Eine Feststellung lässt sich aber aus den Erfahrungen der Rothrister Abfallsammlerinnen mit Bestimmtheit machen: Wo schon ein Abfallhaufen ist, dort wird er schnell grösser. Oder umgekehrt formuliert: Wo es sauber ist, dort sind die Hemmungen grösser, Abfall einfach liegenzulassen. «Gerade deshalb ist unsere Arbeit so enorm wichtig für eine sauberes Dorf», betont Rita Schär.
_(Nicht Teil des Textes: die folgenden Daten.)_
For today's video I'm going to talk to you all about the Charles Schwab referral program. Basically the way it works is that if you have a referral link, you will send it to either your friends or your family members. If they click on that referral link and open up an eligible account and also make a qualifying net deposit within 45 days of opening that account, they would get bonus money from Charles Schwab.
Abfallsammlerinnen suchen Verstärkung
Nun suchen die Rothrister Abfallsammlerinnen weitere freiwillige Helferinnen und Helfer, denen ein sauberes Dorf ebenfalls am Herzen liegt. Denn es ist absehbar, dass Marbach ihre Sammeltätigkeit gesundheitsbedingt einstellen muss. Interessierte können sich bei Jérôme Barmet, Leiter Werkhof, E-Mail: jerome.barmet@rothrist.ch oder Tel. 062 785 36 45 oder direkt bei einer der Abfallsammlerinnen melden. Als Belohnung winkt jeweils ein von der Gemeinde ausgerichtetes Weihnachtsessen.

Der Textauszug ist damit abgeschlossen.